On App Lab, click the application and launch it with the ‘Run’ button. Starting the application for the first time will take some seconds since the system needs to pull necessary Docker images. Once this is finished the application container will be started and the app will automatically open in the web browser. You can also open the Web UI manually on the browser by setting URL to the local IP address of the UNO Q and port 7000. Web UI In the default application, when a beer is detected the SmolVLM-500M model will be loaded and prompted. This process will utilize almost all of the remaining RAM and CPU. As the VLM processing is running, subsequent triggering will not occur until the process has finished. On the Web UI, the video feed continues showing live camera stream and bounding boxes (or centroids in the case of FOMO). Finally the response from the VLM model will be shown on the UI. VLM analysis with beer Using VLM-based actioning can also reduce false positives. For instance, sometimes the FOMO model would classify cans or background objects as beer. This errors can come from difference in lighting, background and variation in objects compared to the data used in training. However, by re-evaluating a frame with a VLM the model is able to clarify that only energy drinks are present. VLM analysis on false beer detection

SmolVLM-500M performance evaluation (2GB vs 4GB UNO Q)

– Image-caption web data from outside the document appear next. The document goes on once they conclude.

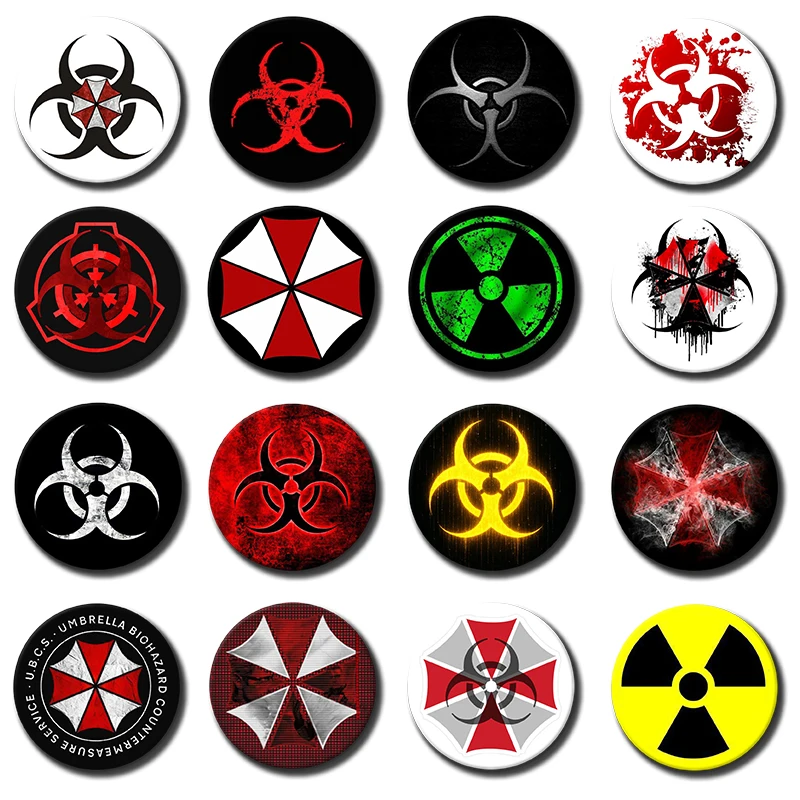 58mm Umbrella C-Corporation Biohazard Nuclear Soft Button Pin Creative Badge Cartoon Brooch for Clothes Bag Hat Decoration Gift
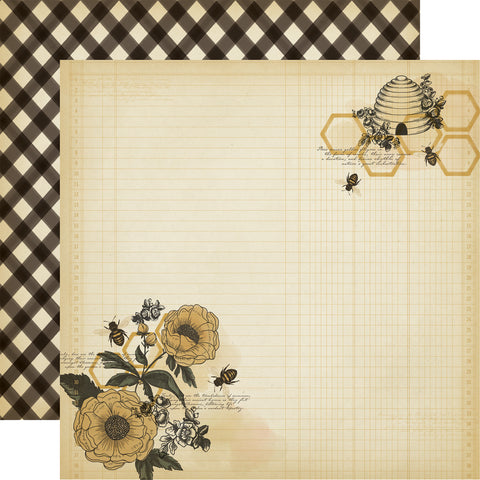 Carta Bella - Honey Bee - 12x12 Single Sheets - Bee Kind Layout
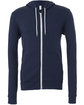 Bella + Canvas Unisex Poly-Cotton Fleece Full-Zip Hooded Sweatshirt NAVY FlatFront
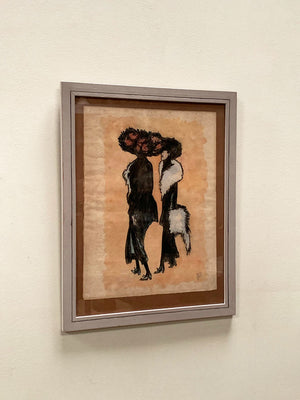 Framed fashion drawing
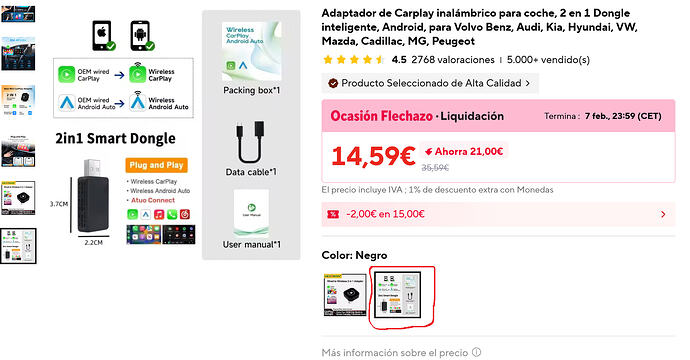 Screenshot 2026-02-02 at 14-52-17 Adaptador de Carplay inalámbrico para coche 2 en 1 Dongle inteligente Android para Volvo Benz Audi Kia Hyundai VW Mazda Cadillac MG Peugeot - AliExpress 34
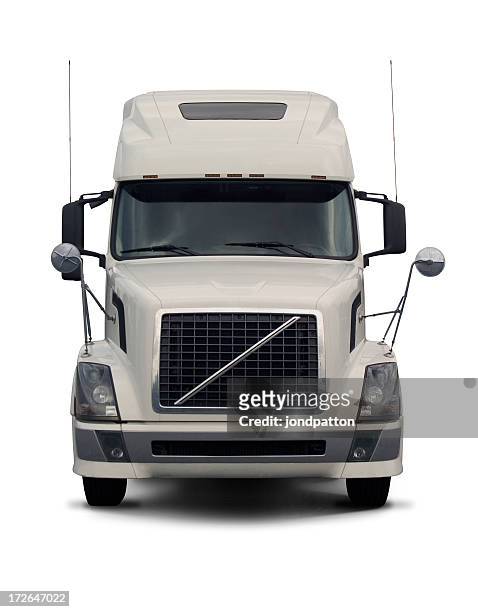 white semi truck  2 - front view stock pictures, royalty-free photos & images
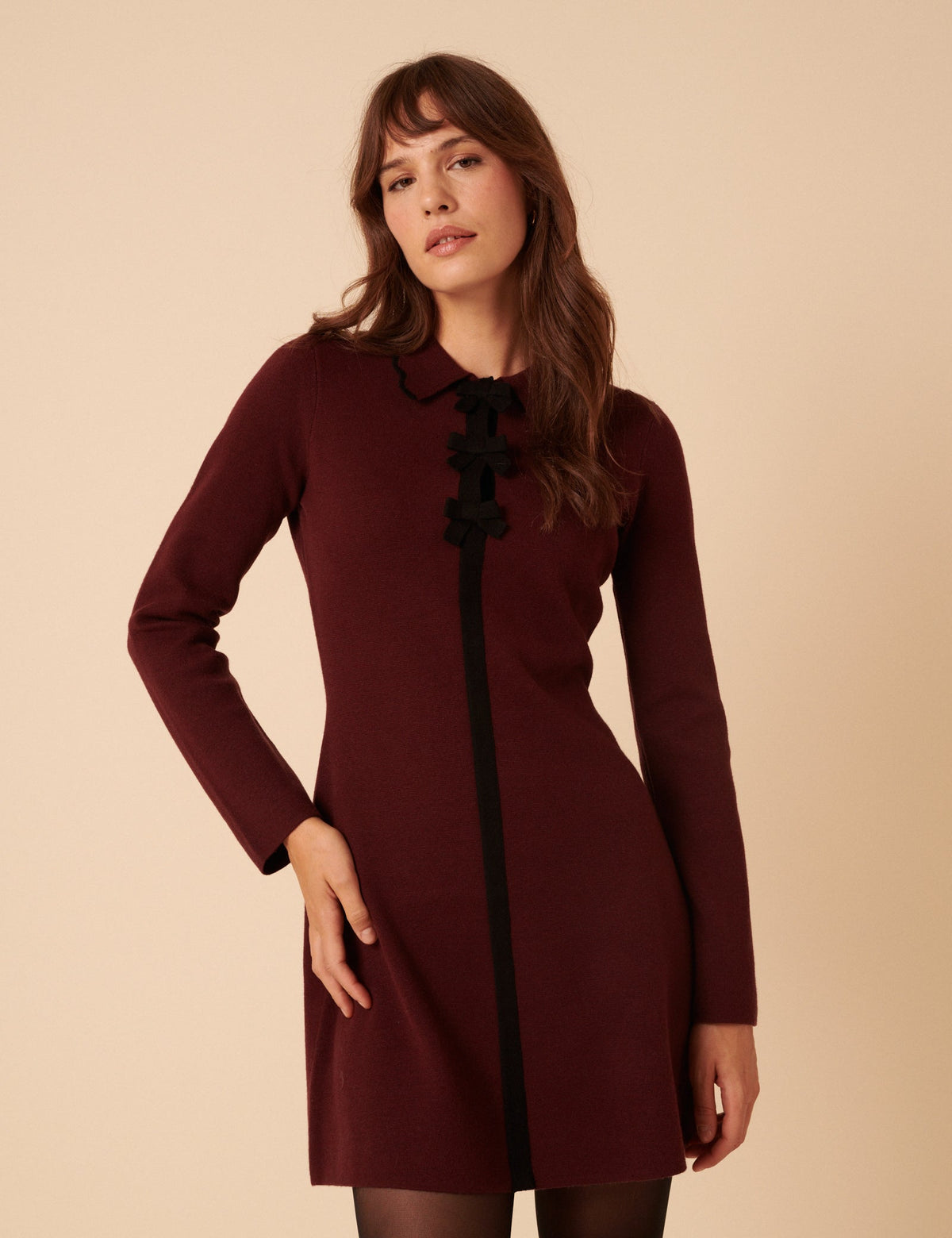 Petite Burgundy Bow Front Knitted Mini Dress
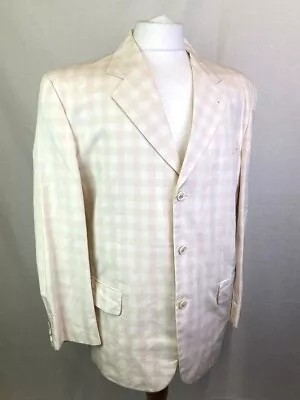 Buy Comme Des Gar�ons Homme Plus, Men's S Pink Gingham/Check Cotton Blazer Jacket • 15£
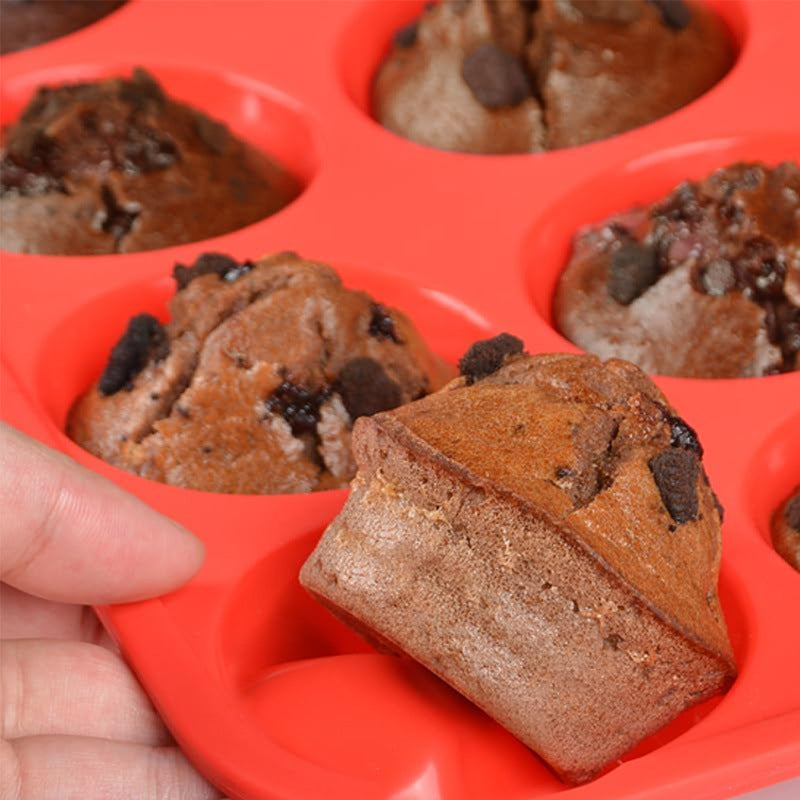 2PCS Red Food Grade Silicone Cake Mould 12 Cup Round Cupcake Pan Easy Release Non Stick Baking Trays - Image 2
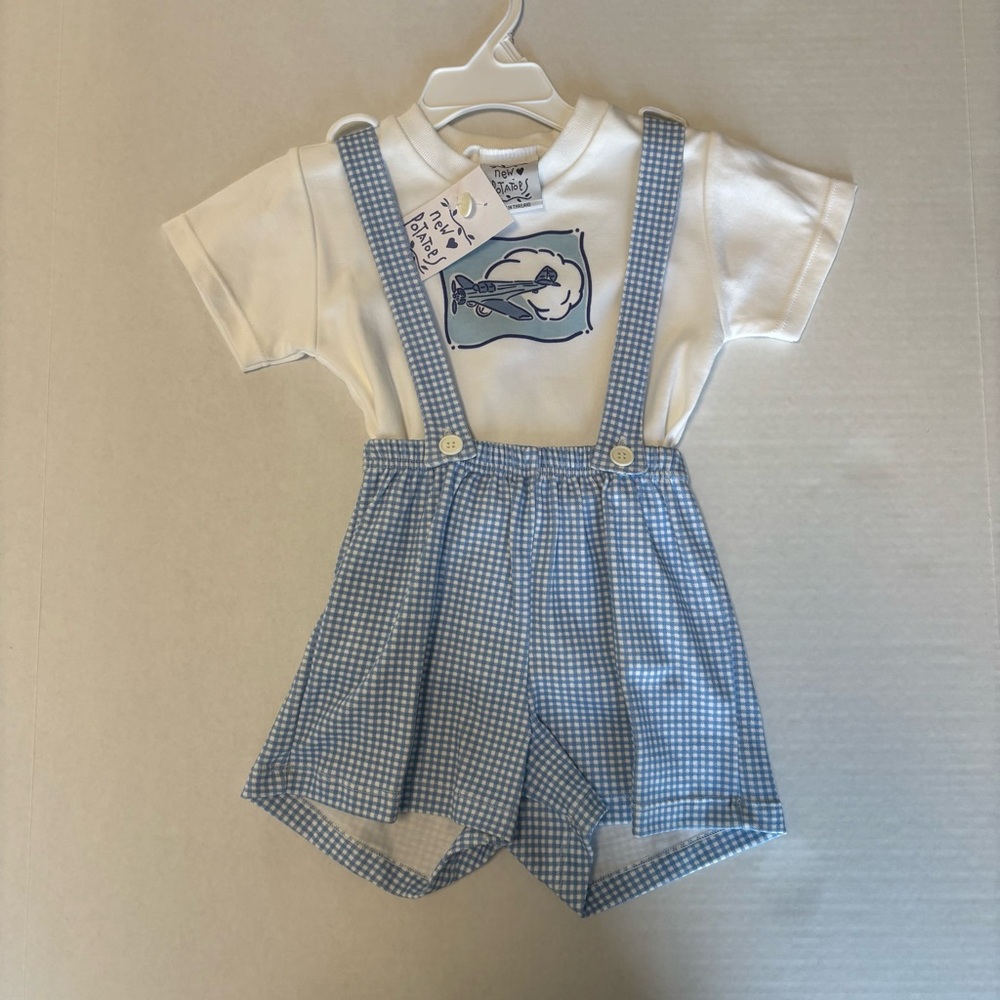 Vintage NWT Blue Gingham Suspender Shorts with White Tee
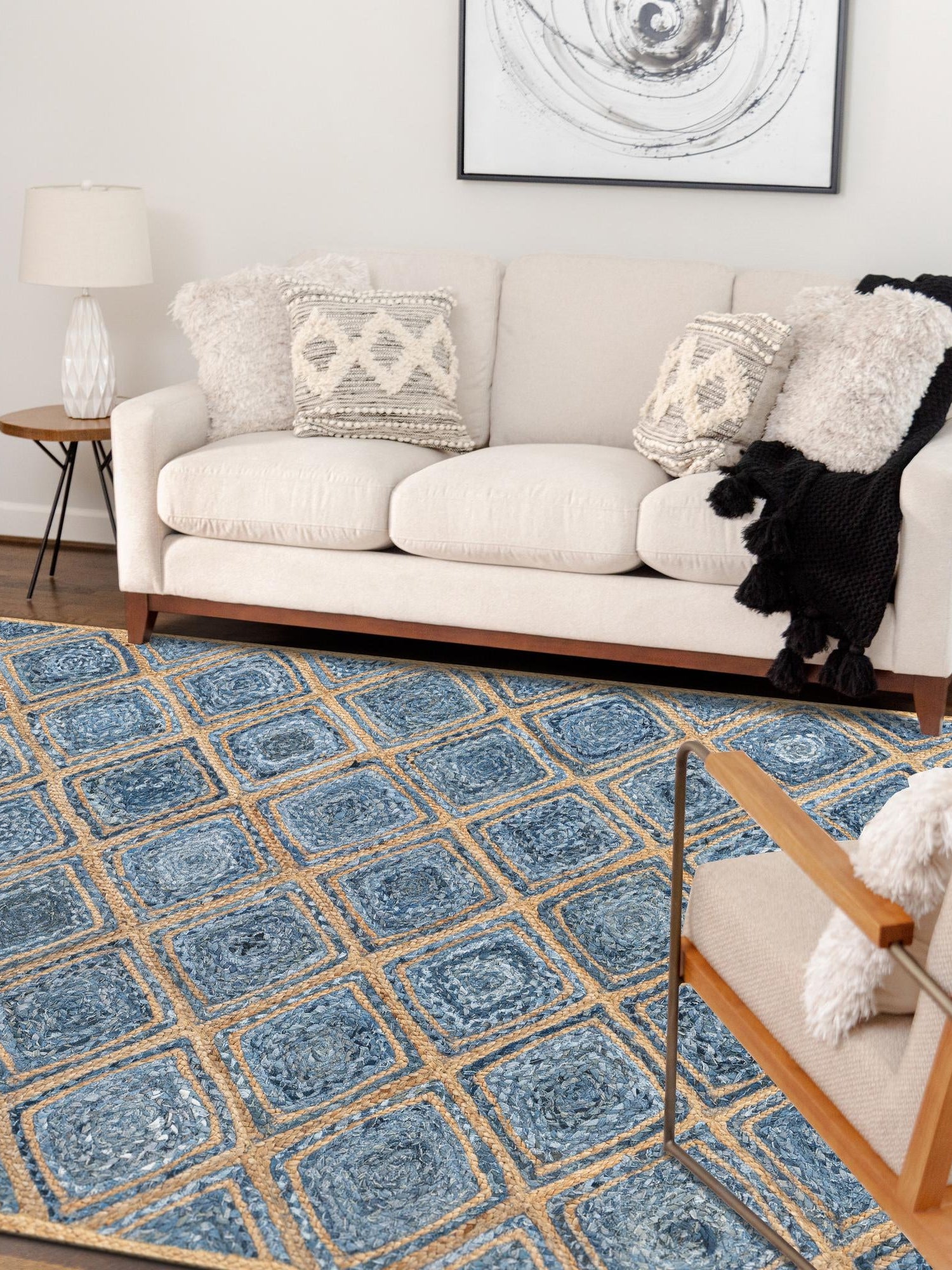Blue 5' 1 x 8' Braided Jute Rectangle Area Rug 100% Jute Hand Braided Natural Eco-Friendly Boho Style Carpet for Living Rooms Dining Office Space Dorms for Sale at Rug Engine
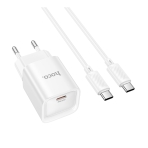 Купити Мережевий Зарядний Пристрій Hoco C146A 1USB-C PD/QC 20W+Type-C to Type-C, 3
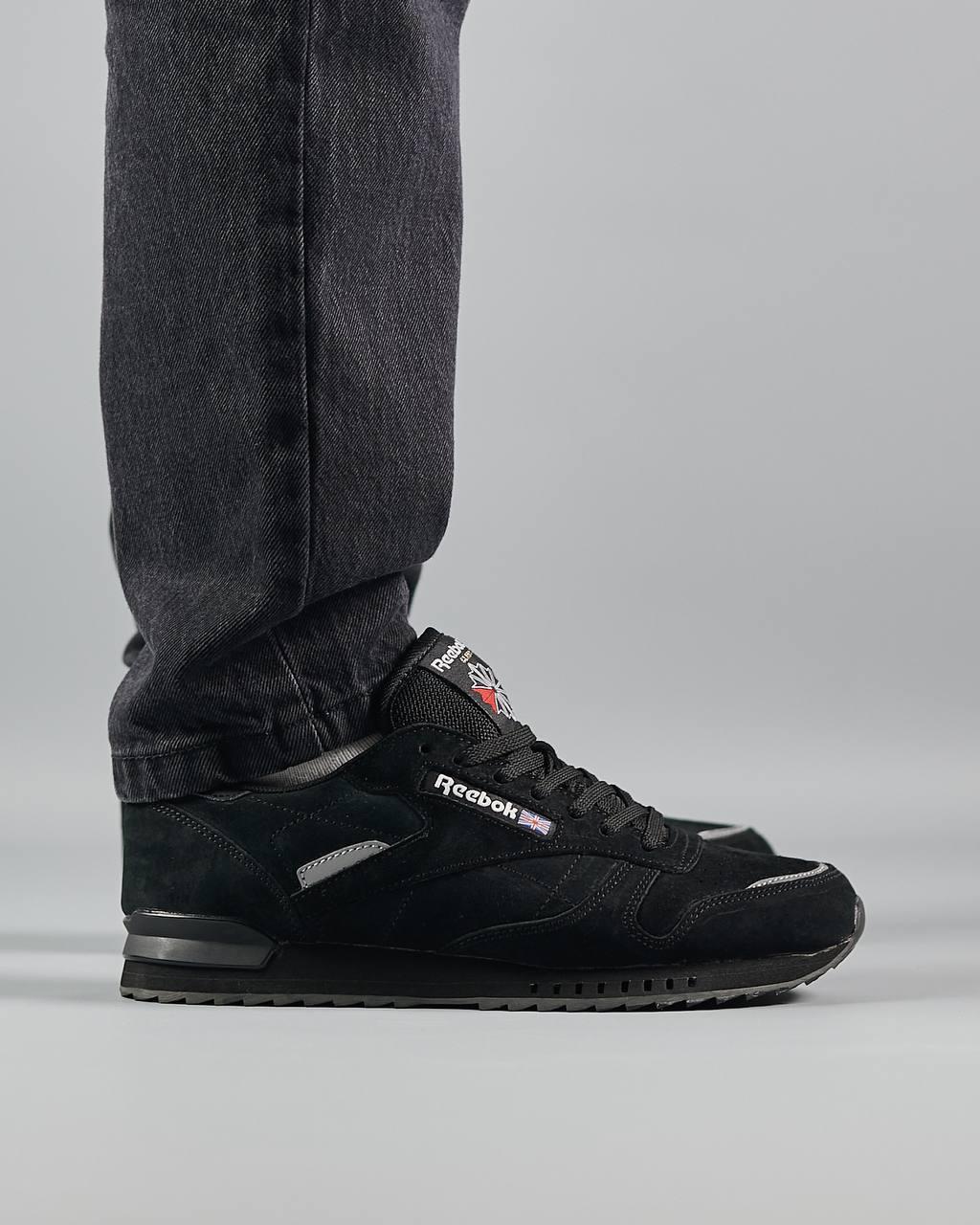 Чоловічі замшеві кросівки Reebok Classic M All Black, чоловічі кеди Рибок замша чорні. Чоловіче взуття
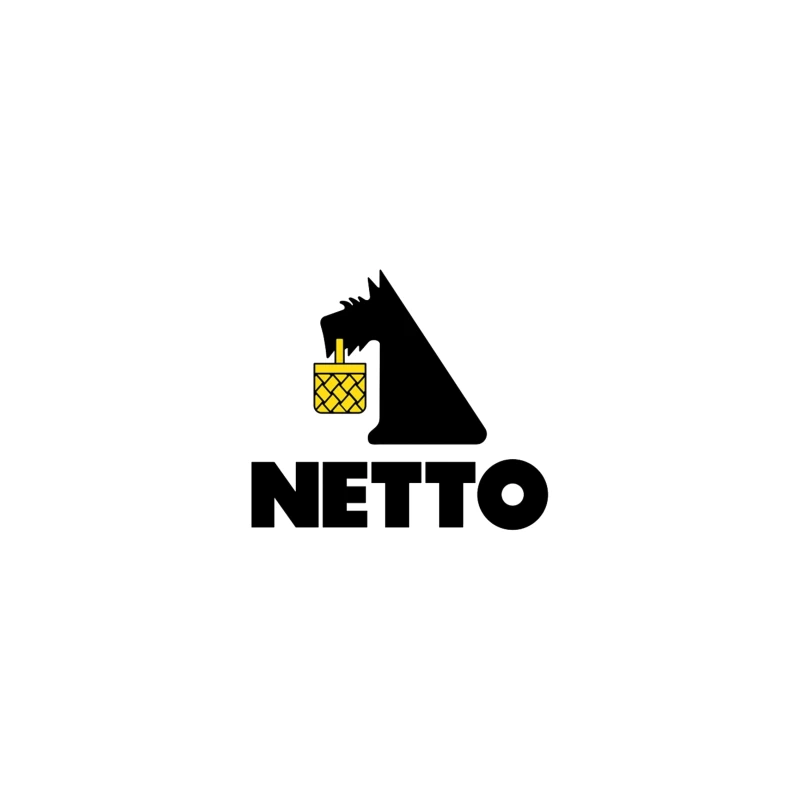 Netto Supermarket Logo with Black Dog and Yellow Basket iPhone Case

The performance evaluation of SmolVLM-500M on the UNO Q 2GB and 4GB variants showed near identical inference speeds. The prompt evaluation rates was 4.08 and 3.96 tokens/second respectively and total inference times of approximately 22.3 and 23.3 seconds. Interestingly, the vision encoder dominated more than 90% of the compute time across both boards, showing that the bottleneck is the CPU during the image encoding as compared to the available memory (RAM). 2GB VS 4GB UNO Q When running the SmolVLM-500M model on the 2GB board, the CPU utilization was 100% while peek RAM consumption was 780MB out of the available 1.70GB. SmolVLM-500M on 2GB UNO Q With the same model running on the 4GB board, the CPU utilization was 99% while the peek RAM consumption was 1.21GB out of the available 3.58GB. SmolVLM-500M on 4GB UNO Q Note that you can run either the SmolVLM-256M or SmolVLM-500M model. However, in my experiments, the SmolVLM-256M model showed significant limitations in captioning. It occasionally produced hallucinated text, misidentified bottles for cans, and was less reliable in following instructions compared to the expectations. Looking at the model’s training details, we can see that just 18% of the training data was dedicated to image captioning tasks. This and the smaller parameter size are likely constrains of its capacity, making it suitable for relatively simple image description use cases rather than detailed visual reasoning. To load the SmolVLM-256M model, you need to first download these open-source files and put them in the models folder: mmproj-SmolVLM-256M-Instruct-Q8_0.gguf and SmolVLM-256M-Instruct-Q8_0.gguf. Next, in main.py update model_path and mmproj_path to point to the downloaded SmolVLM-256M files.

Key Takeaways

Cascading AI models significantly improves AI systems by going beyond simple detections to richer understanding. Through Edge GenAI models, we can deploy such systems locally, reducing computational cost and latency. With platforms such as Edge Impulse, this workflow has been simplified and made possible to deploy on edge devices such as the UNO Q. Beyond this, VLMs are trained on large datasets, such as The Cauldron and Docmatix. In this case, they have a stronger understanding of real-world environments. For example, the ability of the SmolVLM2 models to describe “a can of Red Bull” or “a bottle of Heineken beer” highlights potential applications such as real-time medical systems that can estimate nutritional properties such as sugar and calorie content, straight from the webcam!